**TASK:** Once you find the line with "Joyful Vegetable Rack" in the entries below, print it and each line after it up to and including the line with "Picture 4 of 5", exactly, without pictures.

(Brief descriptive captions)
****************

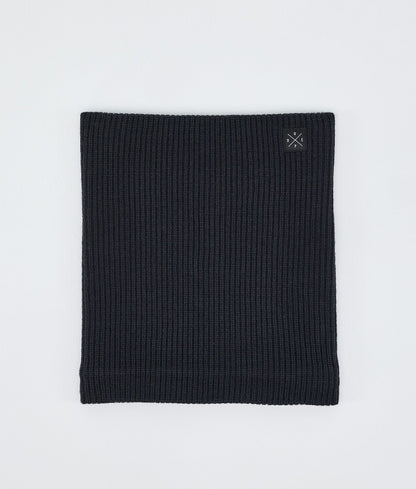 Facemask Black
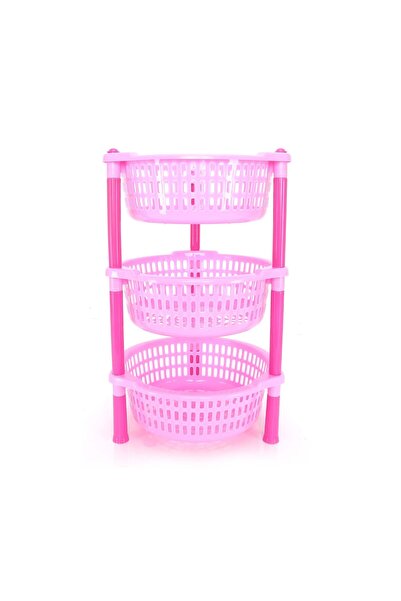 Joyful Vegetable Rack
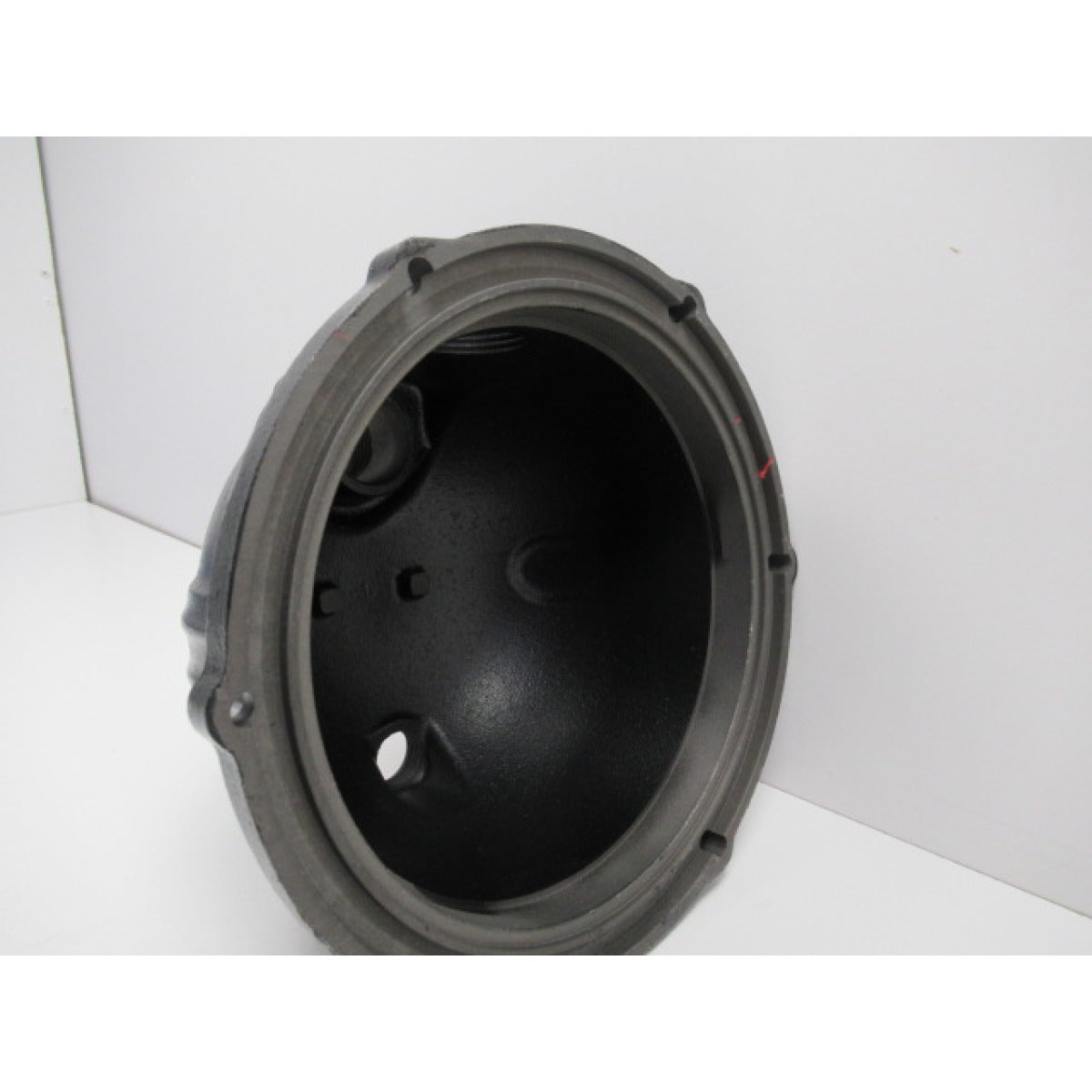 Cleancraft Pumpengehäuse GP 1105C, DWS 1105P 40023239 / RAL9005 SM-075240023239 - SM.P-075240023239
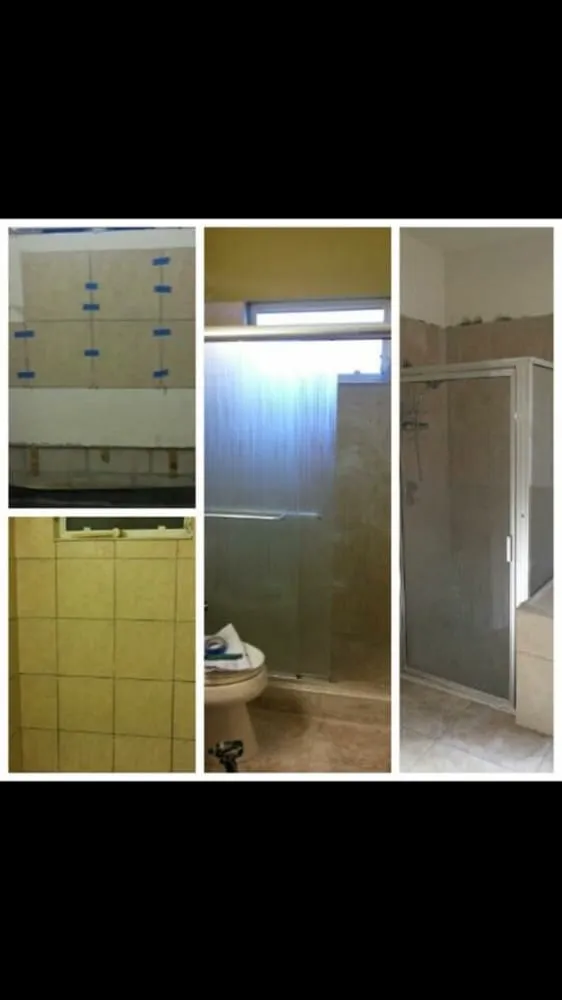 Slide of One Call Construction Services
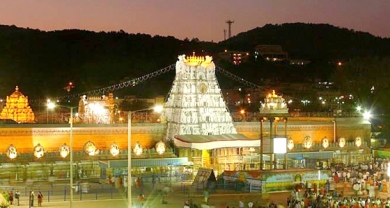  4 Nights Tamil Nadu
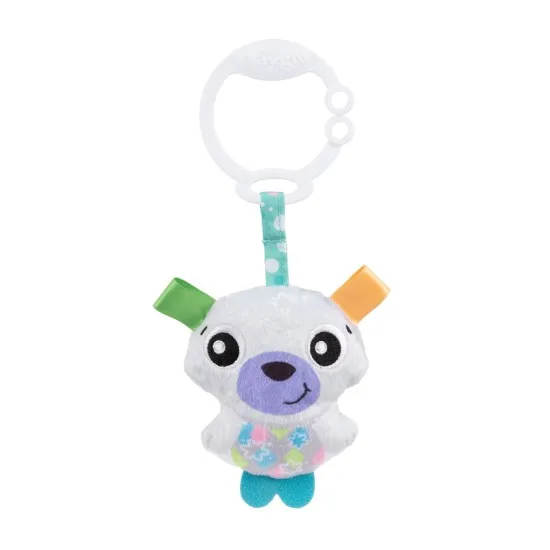 Висяща играчка Полярно мече, Playgro, 0+ м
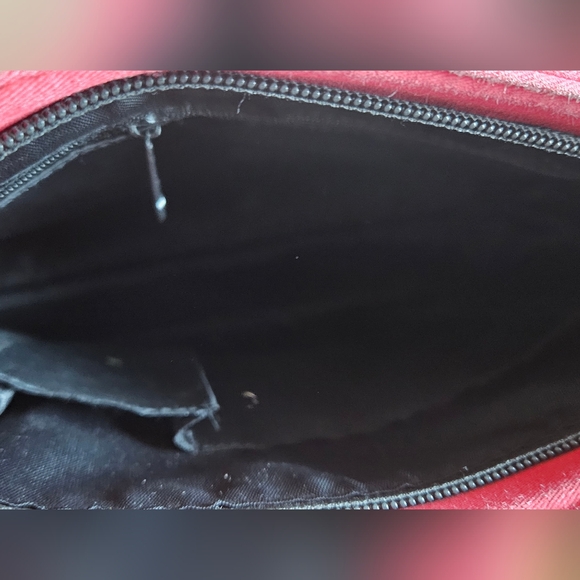 🍍Ohio State Buckeyes Satchel - Picture 4 of 5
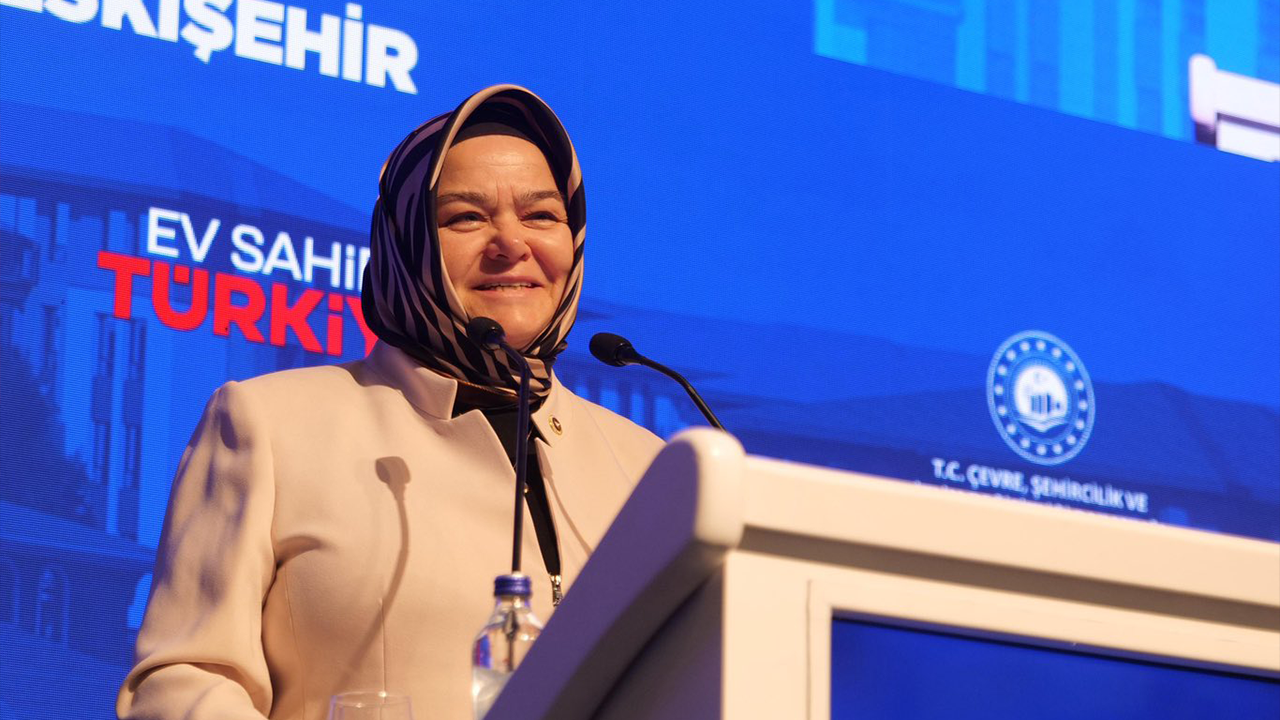 Ak Parti Eskişehir Milletvekili Gürcan Kura Törenine Katıldı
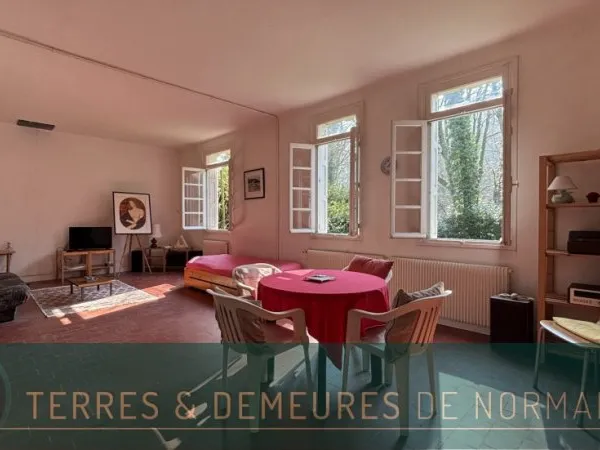 Appartement 2 pièces 62 m²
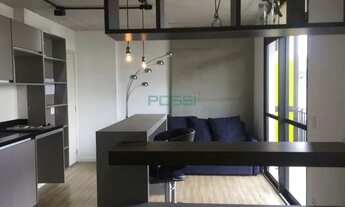 Imagem 5: Apartamento 1 dormitório -Santo Amaro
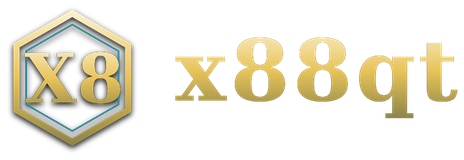 x88qt logo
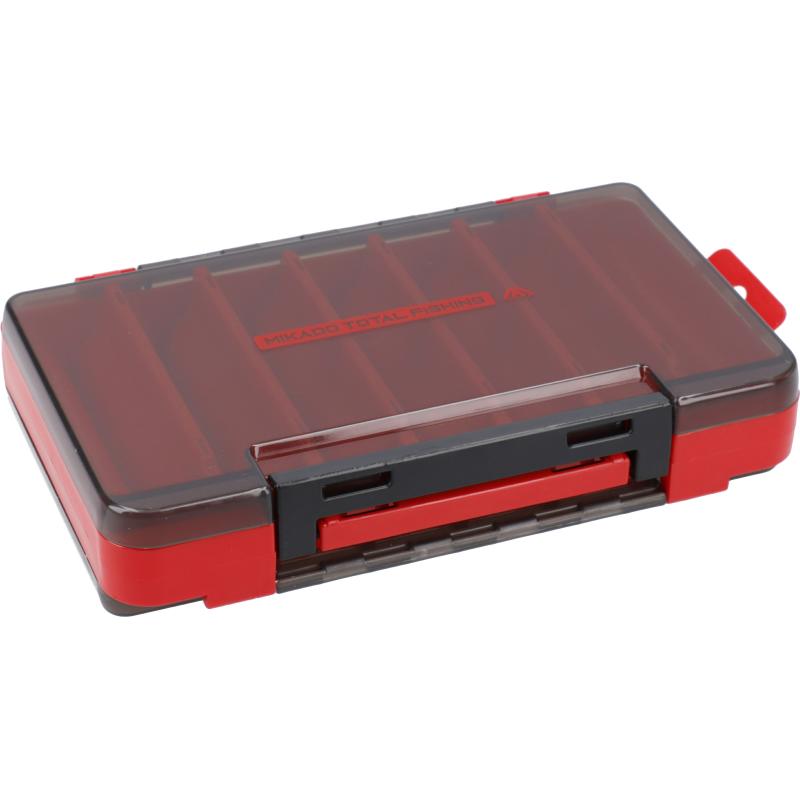 Mikado Box Double-Sided H1908 19.5X12.3X4Cm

****************

**COMPLETED TASK:**
 Joyful Vegetable Rack
 Cleancraft Pumpengehäuse GP 1105C, DWS 1105P 40023239 / RAL9005 SM-075240023239 - SM.P-075240023239
 Slide of One Call Construction Services
  4 Nights Tamil Nadu
 Висяща играчка Полярно мече, Playgro, 0+ м
 🍍Ohio State Buckeyes Satchel - Picture 4 of 5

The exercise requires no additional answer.